Corea, la tardiva condanna dell’Onu

Alla buon’ora. Sono 69 anni quelli del regime nordcoreano, insediato per volontà di Stalin, alla fine della Seconda Guerra Mondiale, nella parte di penisola coreana che l’Armata Rossa “liberò” dai giapponesi. Fin da subito, il regime comunista, guidato dall’ex agente dell’Nkvd (futuro Kgb) Kim Il Sung, iniziò a replicare tutti i tratti peggiori della dittatura staliniana, comprese le campagne di sterminio dei contadini “ricchi”, dei presunti “nemici del popolo” e persino di tutti i loro innocenti e ignari parenti fino al terzo grado di parentela. L’arcipelago dei gulag, i plotoni di esecuzione e le fosse comuni entrarono a far parte del regime nordcoreano sin da subito.

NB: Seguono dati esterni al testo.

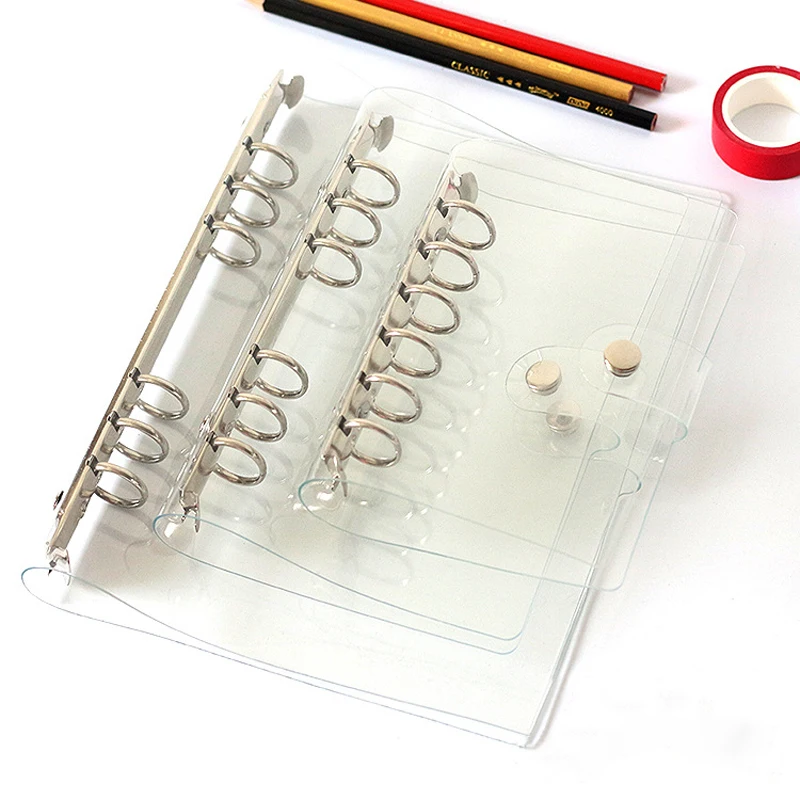 A7 A6 A5 Transparent Loose Leaf Binder Notebook Inner Core Cover Note Book Journal Planner Office Stationery Supplies
A7 A6 A5 Transparent Loose Leaf Binder Notebook Inner Core Cover Note Book Journal Planner Office Stationery Supplies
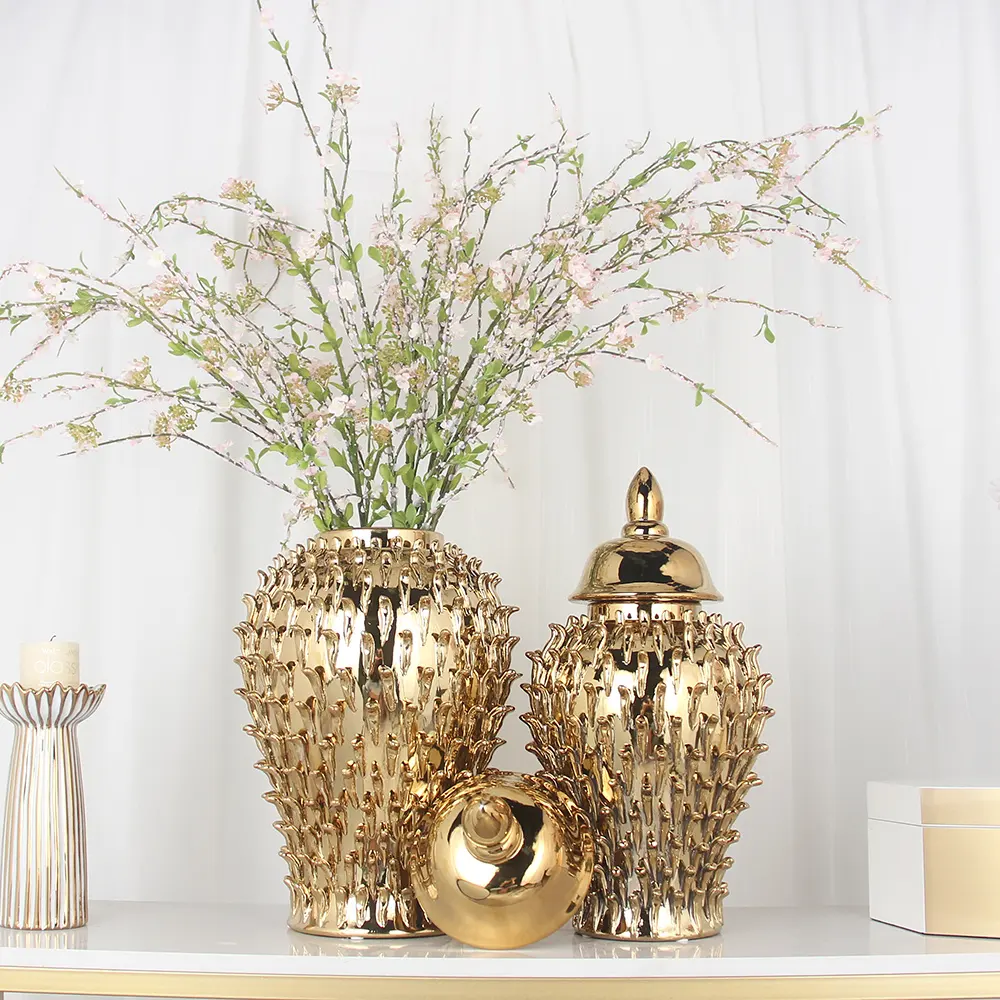 J234 Home Decor Luxe Goud Durian Vorm Vaas Uniek Ontwerp Tafeldecoratie Keramische Gember Pot Sets Groothandel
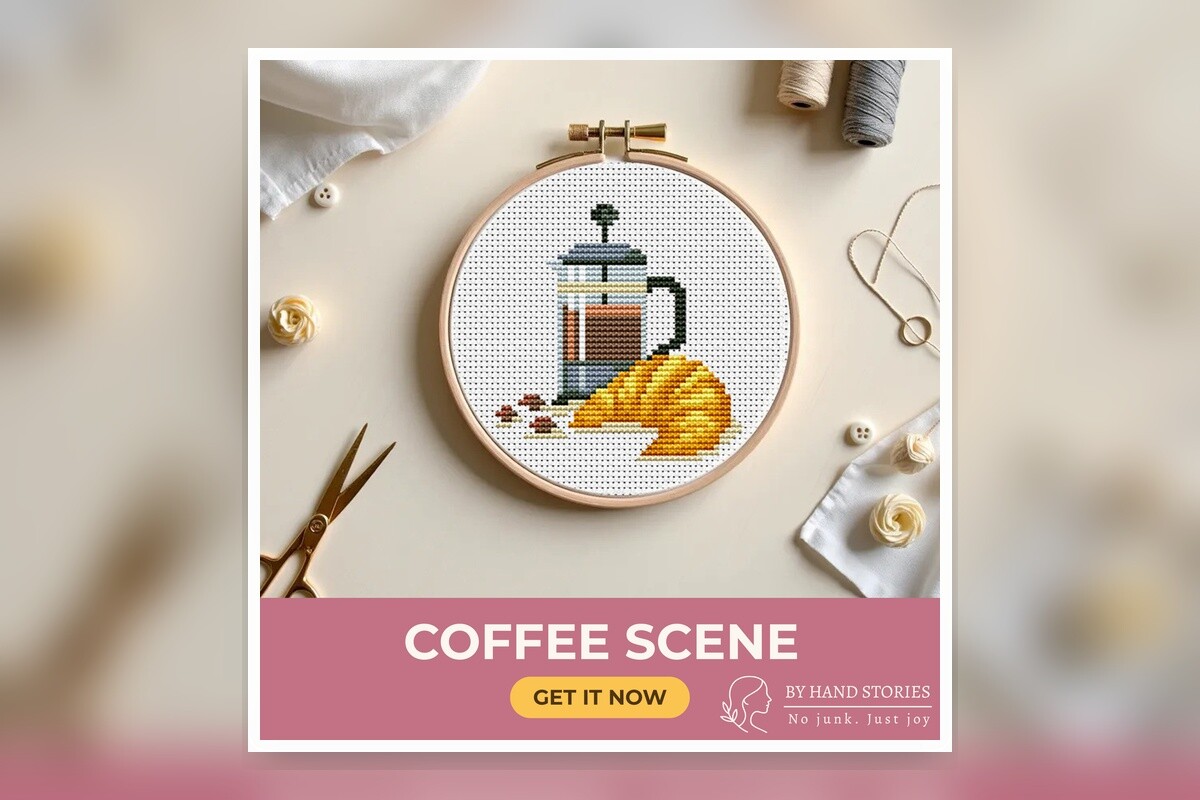 Coffee Scene Cross Stitch Pattern PDF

Il tentativo (fallito) di conquistare la Corea del Sud con la guerra del 1950-53, non fece che peggiorare ulteriormente il quadro: prigionieri di guerra reclutati a forza o mandati ai lavori forzati, parenti e amici di famiglie del Sud (e i loro discendenti) bollati come “traditori” e trattati come tali, un controllo da assedio perenne.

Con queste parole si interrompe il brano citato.